» **What you need to do**
Gather from the listing below each line that includes the word "Digital", and copy it.

++++++

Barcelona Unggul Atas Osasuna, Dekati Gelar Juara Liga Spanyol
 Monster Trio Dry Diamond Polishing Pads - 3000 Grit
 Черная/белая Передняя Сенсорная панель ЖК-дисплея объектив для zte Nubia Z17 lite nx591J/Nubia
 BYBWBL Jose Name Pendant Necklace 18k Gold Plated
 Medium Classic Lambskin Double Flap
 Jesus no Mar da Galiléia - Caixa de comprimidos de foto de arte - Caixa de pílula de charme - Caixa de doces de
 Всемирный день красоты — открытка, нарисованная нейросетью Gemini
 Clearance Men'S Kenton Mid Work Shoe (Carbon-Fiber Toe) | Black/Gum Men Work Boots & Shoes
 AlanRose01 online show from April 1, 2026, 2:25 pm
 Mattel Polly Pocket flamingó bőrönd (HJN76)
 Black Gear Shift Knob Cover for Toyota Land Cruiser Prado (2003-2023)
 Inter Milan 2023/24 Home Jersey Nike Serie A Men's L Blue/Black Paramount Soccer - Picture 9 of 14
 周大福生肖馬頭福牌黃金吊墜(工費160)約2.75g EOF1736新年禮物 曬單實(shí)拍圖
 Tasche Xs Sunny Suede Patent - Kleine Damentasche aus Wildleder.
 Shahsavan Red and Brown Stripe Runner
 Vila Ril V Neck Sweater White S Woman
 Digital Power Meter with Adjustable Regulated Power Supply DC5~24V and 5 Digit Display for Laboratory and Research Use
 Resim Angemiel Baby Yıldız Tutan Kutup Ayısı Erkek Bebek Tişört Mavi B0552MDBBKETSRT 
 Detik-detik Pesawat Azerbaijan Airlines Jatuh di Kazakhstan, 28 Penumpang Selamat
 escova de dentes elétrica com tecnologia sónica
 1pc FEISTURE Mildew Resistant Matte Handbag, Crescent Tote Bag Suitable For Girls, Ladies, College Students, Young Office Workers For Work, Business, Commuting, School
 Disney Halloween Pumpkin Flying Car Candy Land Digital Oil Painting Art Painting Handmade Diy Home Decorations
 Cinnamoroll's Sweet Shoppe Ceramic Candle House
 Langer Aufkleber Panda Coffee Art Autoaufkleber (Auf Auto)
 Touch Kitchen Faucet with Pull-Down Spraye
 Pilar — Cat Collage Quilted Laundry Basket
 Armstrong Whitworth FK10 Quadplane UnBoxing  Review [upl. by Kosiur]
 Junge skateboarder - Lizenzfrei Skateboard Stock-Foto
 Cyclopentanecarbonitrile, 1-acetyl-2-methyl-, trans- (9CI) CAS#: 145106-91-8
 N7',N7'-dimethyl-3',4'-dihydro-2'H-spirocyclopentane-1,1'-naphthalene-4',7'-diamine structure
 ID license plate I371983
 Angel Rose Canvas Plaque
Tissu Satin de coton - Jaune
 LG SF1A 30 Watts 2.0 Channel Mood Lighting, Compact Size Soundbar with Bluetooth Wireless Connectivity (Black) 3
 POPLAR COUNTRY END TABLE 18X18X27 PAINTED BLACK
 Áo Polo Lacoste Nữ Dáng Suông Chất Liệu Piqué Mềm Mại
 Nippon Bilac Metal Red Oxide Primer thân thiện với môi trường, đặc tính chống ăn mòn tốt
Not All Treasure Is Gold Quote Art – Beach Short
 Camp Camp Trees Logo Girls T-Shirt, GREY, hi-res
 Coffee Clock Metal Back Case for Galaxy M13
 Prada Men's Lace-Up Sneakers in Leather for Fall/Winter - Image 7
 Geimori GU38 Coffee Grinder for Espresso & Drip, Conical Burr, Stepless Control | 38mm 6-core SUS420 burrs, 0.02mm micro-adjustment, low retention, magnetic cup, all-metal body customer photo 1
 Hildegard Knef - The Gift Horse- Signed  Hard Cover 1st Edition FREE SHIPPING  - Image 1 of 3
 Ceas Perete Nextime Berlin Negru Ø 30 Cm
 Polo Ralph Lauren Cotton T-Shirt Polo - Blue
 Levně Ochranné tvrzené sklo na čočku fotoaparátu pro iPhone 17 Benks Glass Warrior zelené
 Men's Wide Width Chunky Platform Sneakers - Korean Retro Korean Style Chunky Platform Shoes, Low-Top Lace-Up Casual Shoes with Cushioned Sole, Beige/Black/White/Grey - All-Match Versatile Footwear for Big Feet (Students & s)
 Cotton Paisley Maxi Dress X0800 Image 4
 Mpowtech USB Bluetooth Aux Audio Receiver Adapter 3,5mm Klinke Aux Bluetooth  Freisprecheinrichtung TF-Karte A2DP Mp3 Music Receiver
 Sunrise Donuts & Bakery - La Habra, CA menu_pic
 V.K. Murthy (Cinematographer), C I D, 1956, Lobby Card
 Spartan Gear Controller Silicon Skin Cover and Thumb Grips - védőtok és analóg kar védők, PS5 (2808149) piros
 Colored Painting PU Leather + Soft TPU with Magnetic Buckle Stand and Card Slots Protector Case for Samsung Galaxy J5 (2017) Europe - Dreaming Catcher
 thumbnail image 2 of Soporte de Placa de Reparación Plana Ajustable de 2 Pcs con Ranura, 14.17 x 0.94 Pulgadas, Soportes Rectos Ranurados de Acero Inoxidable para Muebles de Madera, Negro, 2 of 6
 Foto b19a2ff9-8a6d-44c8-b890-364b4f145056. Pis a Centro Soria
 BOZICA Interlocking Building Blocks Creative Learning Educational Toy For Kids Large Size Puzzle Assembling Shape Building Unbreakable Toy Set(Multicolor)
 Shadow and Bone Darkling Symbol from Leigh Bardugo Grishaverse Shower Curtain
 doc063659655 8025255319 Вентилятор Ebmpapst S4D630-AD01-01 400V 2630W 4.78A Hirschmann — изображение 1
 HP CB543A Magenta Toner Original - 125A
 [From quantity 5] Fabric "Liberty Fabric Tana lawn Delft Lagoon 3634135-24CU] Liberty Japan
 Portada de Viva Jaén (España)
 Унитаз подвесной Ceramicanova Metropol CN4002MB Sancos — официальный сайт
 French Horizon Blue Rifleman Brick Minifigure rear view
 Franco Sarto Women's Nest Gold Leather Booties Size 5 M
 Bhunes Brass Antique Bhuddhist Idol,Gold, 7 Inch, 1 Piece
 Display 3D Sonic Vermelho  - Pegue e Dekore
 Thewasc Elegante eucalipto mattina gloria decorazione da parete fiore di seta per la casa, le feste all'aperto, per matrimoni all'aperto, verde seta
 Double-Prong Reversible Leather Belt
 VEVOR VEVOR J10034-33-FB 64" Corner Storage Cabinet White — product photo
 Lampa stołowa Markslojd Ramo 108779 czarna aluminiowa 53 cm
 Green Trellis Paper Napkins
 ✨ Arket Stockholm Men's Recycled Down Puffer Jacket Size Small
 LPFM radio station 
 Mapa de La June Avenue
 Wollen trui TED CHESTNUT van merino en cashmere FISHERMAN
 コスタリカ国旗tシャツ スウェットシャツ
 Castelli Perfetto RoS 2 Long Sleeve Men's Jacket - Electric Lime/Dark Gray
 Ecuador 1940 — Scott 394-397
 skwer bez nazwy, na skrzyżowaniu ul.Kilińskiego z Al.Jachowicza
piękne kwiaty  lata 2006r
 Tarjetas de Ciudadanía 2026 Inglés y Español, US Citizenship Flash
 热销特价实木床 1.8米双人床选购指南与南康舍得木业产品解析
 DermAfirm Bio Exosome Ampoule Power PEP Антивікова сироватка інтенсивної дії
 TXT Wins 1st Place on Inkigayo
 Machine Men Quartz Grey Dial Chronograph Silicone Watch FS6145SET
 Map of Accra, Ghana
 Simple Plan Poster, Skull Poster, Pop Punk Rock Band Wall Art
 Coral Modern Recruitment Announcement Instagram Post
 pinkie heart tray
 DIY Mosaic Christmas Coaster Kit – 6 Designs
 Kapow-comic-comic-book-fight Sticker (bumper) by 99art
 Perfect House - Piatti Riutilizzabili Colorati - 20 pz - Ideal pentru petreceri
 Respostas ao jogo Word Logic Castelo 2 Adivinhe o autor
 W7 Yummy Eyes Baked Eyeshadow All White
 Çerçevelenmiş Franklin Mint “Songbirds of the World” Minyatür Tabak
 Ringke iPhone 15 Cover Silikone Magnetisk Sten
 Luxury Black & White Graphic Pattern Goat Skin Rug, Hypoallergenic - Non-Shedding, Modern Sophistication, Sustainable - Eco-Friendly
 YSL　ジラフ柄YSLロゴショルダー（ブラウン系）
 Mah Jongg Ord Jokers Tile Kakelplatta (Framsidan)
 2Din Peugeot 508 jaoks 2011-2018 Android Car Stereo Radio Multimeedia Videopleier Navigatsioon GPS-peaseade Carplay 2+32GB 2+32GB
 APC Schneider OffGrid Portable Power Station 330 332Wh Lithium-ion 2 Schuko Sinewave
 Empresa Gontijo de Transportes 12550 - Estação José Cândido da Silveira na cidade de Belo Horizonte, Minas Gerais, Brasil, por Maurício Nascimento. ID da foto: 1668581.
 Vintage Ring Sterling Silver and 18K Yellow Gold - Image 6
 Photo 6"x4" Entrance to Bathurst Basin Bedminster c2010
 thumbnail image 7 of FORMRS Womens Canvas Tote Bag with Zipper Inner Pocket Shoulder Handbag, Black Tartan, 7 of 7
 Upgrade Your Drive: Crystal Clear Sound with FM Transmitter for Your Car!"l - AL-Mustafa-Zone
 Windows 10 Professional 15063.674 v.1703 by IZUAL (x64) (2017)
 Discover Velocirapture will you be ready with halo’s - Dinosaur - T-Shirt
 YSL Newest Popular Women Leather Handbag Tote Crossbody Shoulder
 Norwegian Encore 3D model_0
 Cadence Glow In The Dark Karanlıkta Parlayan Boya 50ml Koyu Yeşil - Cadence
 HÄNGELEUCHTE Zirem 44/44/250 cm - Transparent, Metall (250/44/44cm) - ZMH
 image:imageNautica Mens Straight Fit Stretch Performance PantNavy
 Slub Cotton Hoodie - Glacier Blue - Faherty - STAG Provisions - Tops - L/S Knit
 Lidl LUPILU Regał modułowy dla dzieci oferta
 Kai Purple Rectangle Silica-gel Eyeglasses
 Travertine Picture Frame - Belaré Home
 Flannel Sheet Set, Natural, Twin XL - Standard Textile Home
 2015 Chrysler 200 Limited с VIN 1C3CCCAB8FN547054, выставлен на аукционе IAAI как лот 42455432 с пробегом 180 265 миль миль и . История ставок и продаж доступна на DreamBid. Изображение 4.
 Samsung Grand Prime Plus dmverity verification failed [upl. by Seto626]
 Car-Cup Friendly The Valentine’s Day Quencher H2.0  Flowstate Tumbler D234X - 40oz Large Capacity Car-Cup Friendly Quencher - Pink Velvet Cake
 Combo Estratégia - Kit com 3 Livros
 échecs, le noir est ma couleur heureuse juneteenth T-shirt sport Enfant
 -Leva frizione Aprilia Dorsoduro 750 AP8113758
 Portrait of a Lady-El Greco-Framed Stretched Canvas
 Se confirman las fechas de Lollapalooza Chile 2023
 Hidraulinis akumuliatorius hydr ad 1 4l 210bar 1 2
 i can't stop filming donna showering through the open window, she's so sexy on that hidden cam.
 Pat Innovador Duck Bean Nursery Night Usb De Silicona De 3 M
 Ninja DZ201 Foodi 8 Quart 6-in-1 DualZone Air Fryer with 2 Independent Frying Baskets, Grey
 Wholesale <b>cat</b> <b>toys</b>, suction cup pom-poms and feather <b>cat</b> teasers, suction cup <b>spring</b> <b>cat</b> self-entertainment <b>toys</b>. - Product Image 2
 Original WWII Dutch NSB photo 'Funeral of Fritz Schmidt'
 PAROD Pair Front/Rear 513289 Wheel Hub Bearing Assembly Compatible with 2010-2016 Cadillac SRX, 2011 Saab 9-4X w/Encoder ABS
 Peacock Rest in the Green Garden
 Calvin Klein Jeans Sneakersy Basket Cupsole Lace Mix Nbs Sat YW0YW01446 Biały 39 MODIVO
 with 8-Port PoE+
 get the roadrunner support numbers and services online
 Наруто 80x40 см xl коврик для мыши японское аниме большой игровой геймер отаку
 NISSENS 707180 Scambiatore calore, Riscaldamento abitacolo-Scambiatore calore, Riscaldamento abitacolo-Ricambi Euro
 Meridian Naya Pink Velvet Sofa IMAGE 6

++++++

» **Result of the task**
 Digital Power Meter with Adjustable Regulated Power Supply DC5~24V and 5 Digit Display for Laboratory and Research Use
 Disney Halloween Pumpkin Flying Car Candy Land Digital Oil Painting Art Painting Handmade Diy Home Decorations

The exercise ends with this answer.